[Maßnahmen] Ich erinnere mich noch genau. Es war im Winter des Jahres 1987 und wir saßen alle zusammen in der vom Kohleofen erwärmten Küche und diskutierten mehr oder weniger geschockt über die unglaubliche Stromrechnung. Nicht nur, dass wir anteilig mehr als einhundert D-Mark pro Nase nachzuzahlen hatten, auch die monatlichen Abschläge waren deutlich erhöht. Dabei waren wir alle Studierende und immer knapp bei Kasse. Wir betrieben Ursachenforschung: War es der elektrische Heizlüfter im Bad, der zu oft in Betrieb genommen wurde? Die vorsintflutliche Waschmaschine, die zu oft mit Kochwäsche betrieben wurde? Oder der Kühlschrank, der so seltsam vor sich her brummte? So etwas wie Energiesparlampen gab es damals noch gar nicht, die sollten erst ein paar Jahre später auf den Markt kommen, und die Einteilung in Energieeffizienzklassen von Geräten war ebenfalls in weiter Ferne. Wir wussten nur so ungefähr, dass man besser nicht mit elektrischen Radiatoren heizen sollte und dass der Strom nicht aus der Steckdose kommt, sondern auch von Atomkraftwerken. Der schreckliche Nuklearunfall von Tschernobyl lag erst wenige Monate zurück. Jedenfalls schlug Bettina vor, von einer Energieverbrauchberatungsstelle ein Strommessgerät zu besorgen und erst einmal zu überprüfen, wo genau diese Verbräuche entstanden.
[Steigerung] Private Stromanbieter gab es damals gar nicht, Strom wurde von der BEWAG zur Verfügung gestellt und das war es. Es gab keine Alternativen wie heute der beste-stromvergleich.de, auch an Internet war damals nicht zu denken. Heute denke ich: Wir hatten uns erst angemeldet, als wir mit den Renovierungsarbeiten weitgehend fertig waren. Das Haus war ja damals im Sanierungsprogramm und mehr oder weniger Baustelle. Auch waren wir im ersten Sommer kaum zu Hause sondern nutzen weidlich die langen Semesterferien und waren überall in Europa unterwegs. Außerdem bestand die Anfangsbesetzung der WG überwiegend aus Männern, die waschen sich bekanntlich nur äußerst selten, wechseln fast nie die Klamotten, und abgewaschen wird nur in Notfällen. Schon nach einem Jahr gab es einen kompletten Umbruch, alle zogen aus und fortan lebte ich zusammen mit drei Frauen in dieser riesengroßen Wohnung, und plötzlich lief ständig die Waschmaschine, im Bad sollte es warm sein und der Boiler für die Spüle war auch im Dauerbetrieb, und natürlich konnten wir uns als arme Studierende gar keinen neuen, modernen energiesparenden Geräte leisten.
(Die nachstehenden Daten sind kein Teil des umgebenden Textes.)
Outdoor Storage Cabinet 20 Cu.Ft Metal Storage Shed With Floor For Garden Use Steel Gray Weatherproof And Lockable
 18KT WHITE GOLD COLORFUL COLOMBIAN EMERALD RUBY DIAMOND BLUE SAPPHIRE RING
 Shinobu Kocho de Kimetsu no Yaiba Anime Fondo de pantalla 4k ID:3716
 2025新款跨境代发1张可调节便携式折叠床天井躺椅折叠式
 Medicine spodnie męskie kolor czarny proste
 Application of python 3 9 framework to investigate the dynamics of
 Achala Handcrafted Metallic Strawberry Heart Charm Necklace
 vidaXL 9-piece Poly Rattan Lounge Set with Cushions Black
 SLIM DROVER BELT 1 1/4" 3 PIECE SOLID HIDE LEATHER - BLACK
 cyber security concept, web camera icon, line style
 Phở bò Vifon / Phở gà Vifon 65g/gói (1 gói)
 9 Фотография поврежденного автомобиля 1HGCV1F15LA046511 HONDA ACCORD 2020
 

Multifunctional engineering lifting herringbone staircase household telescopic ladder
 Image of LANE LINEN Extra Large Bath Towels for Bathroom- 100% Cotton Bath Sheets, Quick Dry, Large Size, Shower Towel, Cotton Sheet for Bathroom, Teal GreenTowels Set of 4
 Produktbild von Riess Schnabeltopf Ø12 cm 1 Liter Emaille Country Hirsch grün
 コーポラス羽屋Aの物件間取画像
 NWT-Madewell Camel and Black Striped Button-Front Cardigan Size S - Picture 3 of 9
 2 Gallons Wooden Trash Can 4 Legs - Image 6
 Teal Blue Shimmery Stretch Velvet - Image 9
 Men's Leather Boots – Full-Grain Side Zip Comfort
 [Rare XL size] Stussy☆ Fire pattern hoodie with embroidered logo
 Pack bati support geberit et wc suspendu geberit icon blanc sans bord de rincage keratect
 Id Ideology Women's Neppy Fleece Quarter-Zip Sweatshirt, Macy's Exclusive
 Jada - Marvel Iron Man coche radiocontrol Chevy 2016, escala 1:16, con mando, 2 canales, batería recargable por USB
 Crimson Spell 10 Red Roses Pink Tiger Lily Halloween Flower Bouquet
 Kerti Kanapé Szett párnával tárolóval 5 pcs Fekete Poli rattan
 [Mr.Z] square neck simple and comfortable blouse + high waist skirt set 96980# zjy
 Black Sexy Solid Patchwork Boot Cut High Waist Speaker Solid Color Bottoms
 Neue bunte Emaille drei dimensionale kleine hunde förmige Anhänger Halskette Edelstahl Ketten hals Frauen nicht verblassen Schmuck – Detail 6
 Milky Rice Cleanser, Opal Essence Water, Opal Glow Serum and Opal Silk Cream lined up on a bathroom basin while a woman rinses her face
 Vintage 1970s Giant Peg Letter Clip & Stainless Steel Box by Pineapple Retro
[Entwicklung] Natürlich ist diese Darstellung sehr holzschnittartig, immerhin ist das 25 Jahre her, aber der Vergleich mit damals zeigt, wie viel doch energiespartechnisch in den letzten Jahrzehnten passiert ist. Konventionelle Glühbirnen gibt es kaum noch, wie erleben gerade den Übergang von Energiesparlampen zu noch kostengünstigerer LED-Beleuchtung, wir diskutieren den Verbrauch der Stand-by-Funktion und erkundigen uns ganz selbstverständlich danach, wie energiesparend das Gerät ist, welches wir gerade benutzen oder anschaffen wollen. Und es gibt keine Strommonopolisten mehr, sondern unterschiedliche Anbieter, unter denen wir wählen können. Nur diese ultragefährlichen Atomkraftwerke gibt es immer noch, aber zum Glück gibt es auch Stromanbieter, die atomstromfreien Strom anbieten und hoffentlich immer mehr Menschen, die sich dafür einsetzen, dass diese Dinger endlich abgeschaltet und entsorgt werden.